As to the printing of money, wasn't there a big tall guy by the name of Volker who said that one of our biggest problems was printing to damn much money?
TenDollarTommy must be a fed employee. The entire posting is simply two quotes from the federal reserve, and based on that he claims that the poster does not know anything about credit markets or the fed. Only a fed employee could be so obnoxious.
A fund manager was on Bloomberg tv yesterday and said the Fed Governors should shut up until they have a unified opinion, their "going it alone" is crushing market confidence.
The hazard is Congress, not the Fed. Proposed action will end the credibility of debt instruments, freeze the debt market, and crush the dollar.

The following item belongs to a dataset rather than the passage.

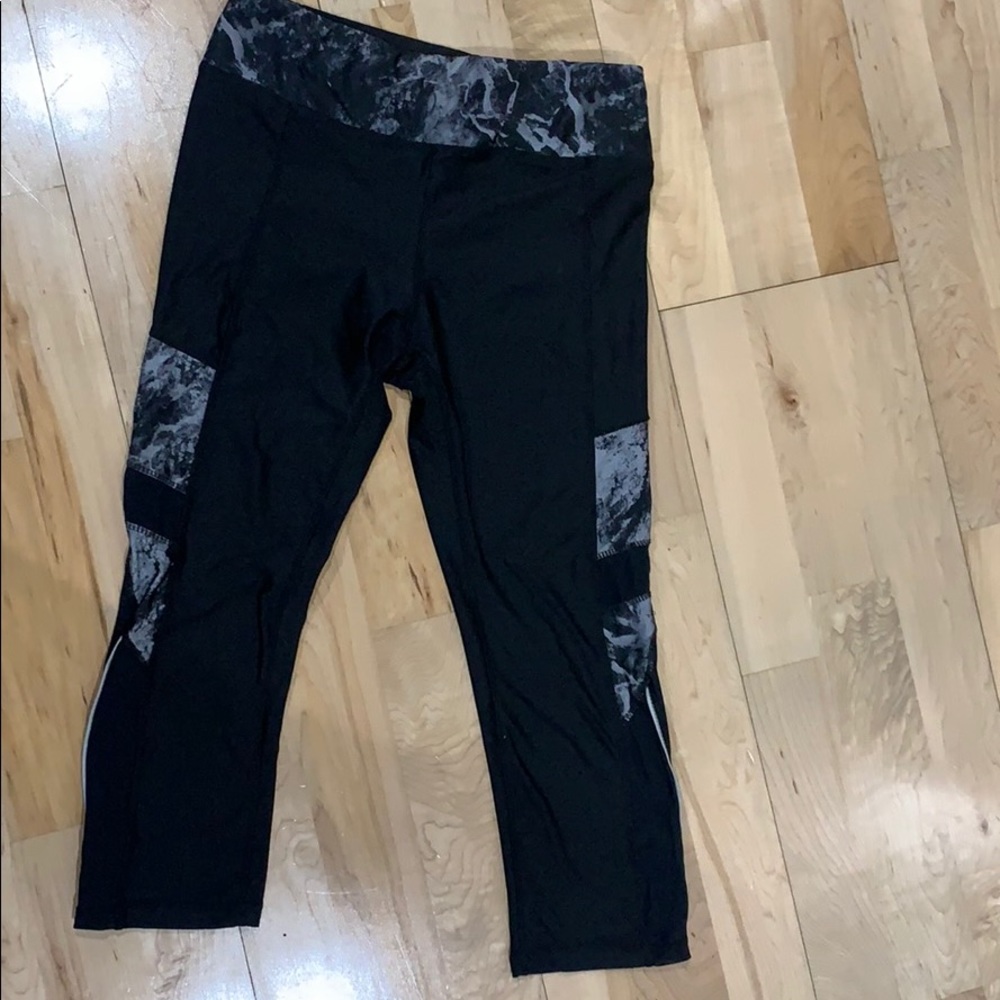 Adore Me Crop Leggings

That matters greatly.
No matter how many times guys in $2,000 suits tell CNBC audience that the Fed is an inflation fighter, we all have to live with the reality that the value of a dollar in 1913, when the Fed was imposed on us, had dropped to a nickle. Some inflation fighter. And don't argue that deficit government spending causes inflation because the Keynesians couldn't do their deficit spending thing if the monetary side did not accommodate them.
This latest chapter is just one more example of why The Fed must go out of business.
This current problem is all Greenspan's fault - he was laughing as he left a bomb in Bernanke's lap on his way out.
Also note that the fed still doesn't full grasp monetary operations, or they would simply be setting the 'price' (interest rate) for the TAF and letting the quantity float. The quantity of TAF funding or any other open market operations functionally has nothing to do with 'money supply' in any economic sense.